Firmino's Conversion Rate Against Al Ahli

Updated:2025-12-25 08:31    Views:100

The Firafoyo Group, one of the leading players in the Nigerian real estate market, has been recognized for its commitment to sustainability and social responsibility. The company is known for its efforts towards promoting green initiatives within its portfolio of properties.

However, there have been concerns raised about the conversion rate of the firm against Al Ahli Properties, which is considered one of the leading property development companies in Nigeria. This issue arises from several factors, including the high cost of land acquisition and the difficulty in securing financing for large-scale projects.

In this article, we will discuss the Firafoyo Group's conversion rate against Al Ahli, and examine the reasons behind the concern.

Background:

Al Ahli Properties was established by Mr. Abdulrahman Al Ahli in 2015 as a private equity holding company. The company is currently valued at N77 billion, making it the largest private equity fund in Africa.

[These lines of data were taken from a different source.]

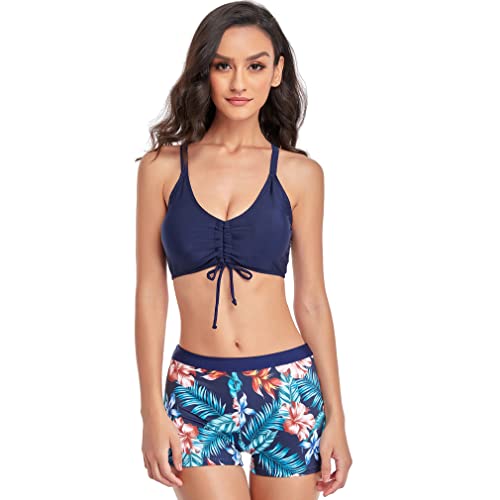 Jarseila Zweiteiliger Badeanzug Damen Bikini Set Blumenmuster Bikini Hosen Push Up Bikini Top Badeanzug Oberteil Sommer Badeshorts, Blau, S von Jarseila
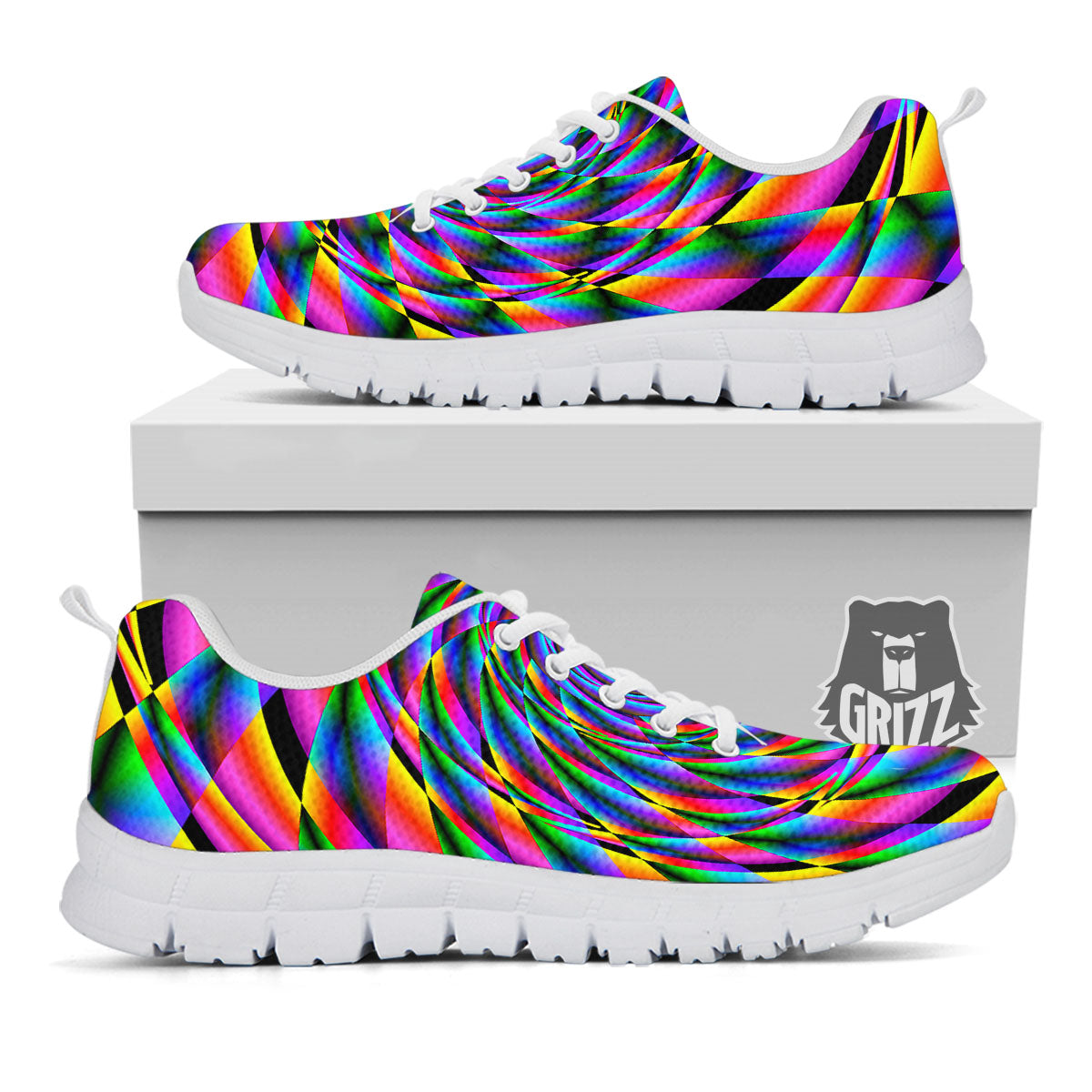 Motion Psychedelic Illusory Print White Sneaker-grizzshop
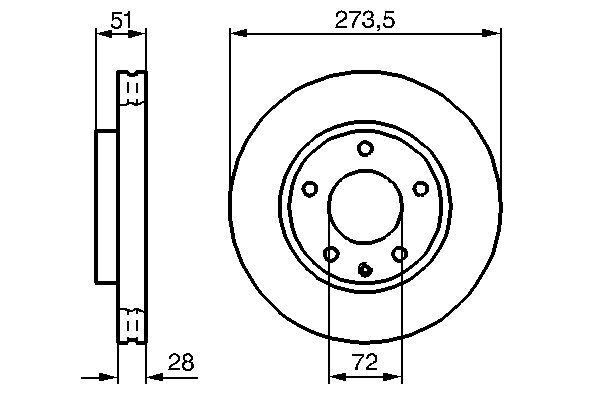 BOSCH 0986479016 ÖN FREN DİSKİ HAVA KANALLI MAZDA XEDOS 9 2.5L KL TA12 94-00 273.5 ÇAP X 5 BİJON - Adet disk fiyatıdır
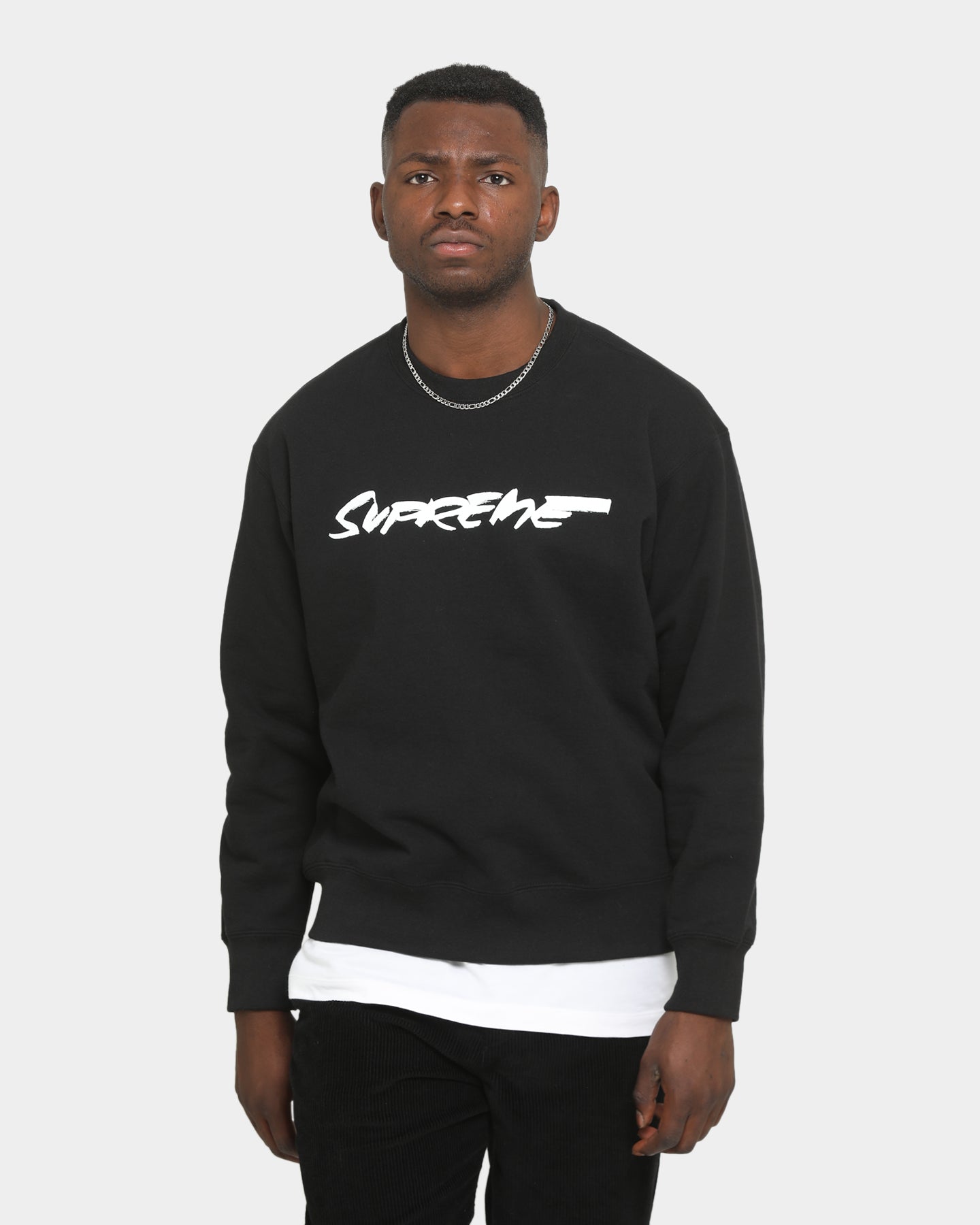 簡単購入 supreme Futura Logo Crewneck黒スゥエット - メンズ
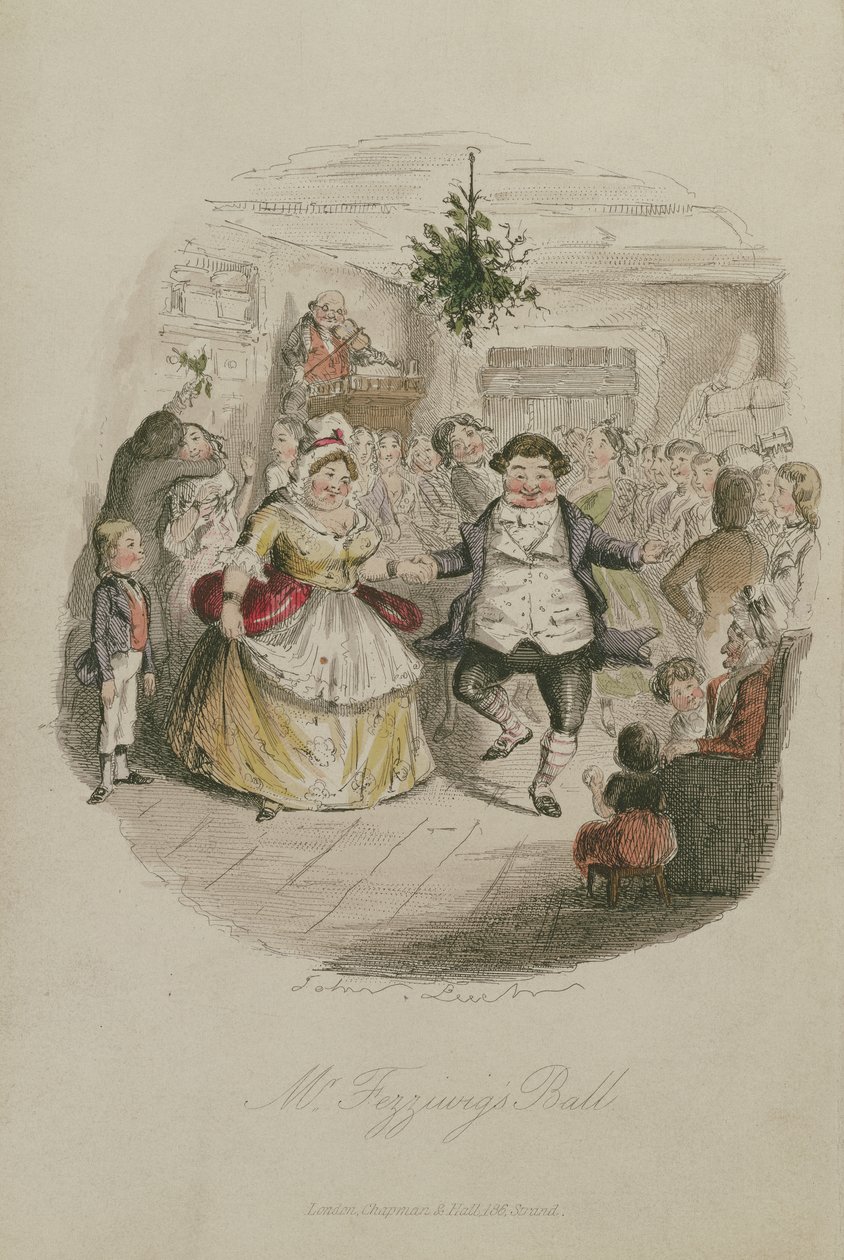 Mr. Fezziwigs Ball, Illustration aus Eine Weihnachtsgeschichte von Charles Dickens, veröffentlicht 1843 von John Leech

However, despite being one of the most successful private equity firms in Africa, Al Ahli Properties faces challenges when it comes to converting their investments into assets.

Conversion Rate Against Al Ahli:

According to a report published by the Lagos Property Market Monitor (LPMM), Al Ahli Properties' conversion rate against the Firafoyo Group stands at 64%. This means that for every unit sold by Al Ahli,La Liga Stadium only six units are converted into property. This figure reflects the high cost of acquiring land and the lack of funding available for large-scale projects.

One reason why Al Ahli Properties may be facing such a low conversion rate is due to the high cost of acquiring land. According to reports, Al Ahli Properties spends over N10 million per square meter on land acquisition, while the Firafoyo Group spends just N1 million per square meter. This disparity in costs can lead to a lower conversion rate, especially if the land is not suitable for development or construction.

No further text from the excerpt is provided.